Ногайцы переминались с ноги на ногу, глядя на неподвижное окровавленное тело перед собой. Забава теряла приятность, превращаясь в наказание.
— Должен ли я дважды повторять приказы? — кротко осведомился Будзюкей.
Подданные знали, что означает этот тон. Жеребчиным табуном они вновь накинулись на бесчувственную Софьюшку и оставили ее, лишь обнаружив, что их жертва не дышит. Некоторых из них рвало.
Будзюкей без всякого интереса и оживления смотрел на казнь, а когда все кончилось, отправился в свой шатер. Нукеры тоже разошлись. Сафонка подбежал к мертвой девушке, кинулся перед ней на колени.
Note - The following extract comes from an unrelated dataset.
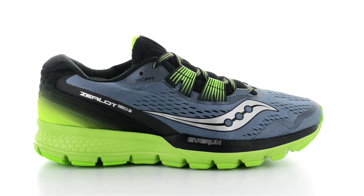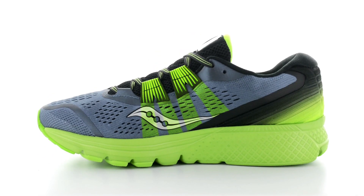In addition to the engineered mesh, we still utilize the ISOFIT system with two ISO fingers giving a great midfoot wrap.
Глаза с закатившимися зрачками тускло блестели, как яичный белок, пронзили Сафонку немым укором: не уберег… Все повторялось: он будто стоял перед телом отца…
«Это меня бог наказывает за то, что душу рогатому посулил. Софьюшка верно сказала: нельзя себя супротивнику в залог отдавать, смерти избегать ценой непомерною».
Он ткнулся губами ей в руку, еще не успевшую остыть. И дал себе клятву: больше никогда, ижно спасения души ради, ни в чем не уступать любому врагу, не идти с ним ни на какой, даже временный сговор.
Потому что и адские муки будут вряд ли хуже тех, что испытал он в этот проклятый день. Потерял Митяя и Ивашку, ставших ему отца и брата вместо. Лишился девы, кою полюбил крепко — уже мертвой. А хуже всего, что, связанный клятвой, не порятувал, ринул их. Подобно Понтию Пилату, умыл руки и смотрел, как любимых умучали до смерти.
Хоронить Софьюшку Сафонка не позволил никому, разрешил только бабам обмыть и одеть ее. Впрочем, и одевать-то было не во что, одна из полонянниц уступила свою рубаху, которая пошла на саван, а сама починила и взяла себе разорванную лопотину погибшей. Нашел Сафонка на одной из телег лопату, вырыл на краю лагеря могилу — не такую тесную, в какую отца уложил, а, как требовал обычай, большую, просторную. Досок — домовище сколотить — татары не дали, Аманак рявкнул: «Так зароешь!». А к Будзюкею парень не пошел.
Спустили тело в яму — и во второй после отцовых похорон раз Сафонка содрогнулся, увидев, как черные и бурые комья засыпают дорогое лицо. Потом упрятали Ивашку и Митяя — тут же, рядом. Последние пристанища для них помогли выкопать бабы. И снова лики друзей поглощаются землицей, уходя куда-то вглубь. А вместо живых людей — три холмика с крестами.
Прочитали полонянники молитву над убиенными братьями и сестрой своими, сухарик последней съели, водой запили — помянули, дабы покойные в царствие небесное сытыми убыли. В том, что душеньки их прямиком в рай пойдут, Сафонка не сомневался. Тут случай ясный, не как с отцом. Сгублены вражьей дланью, за святое дело животы положили, на девятый день в руцех ангельских очутятся.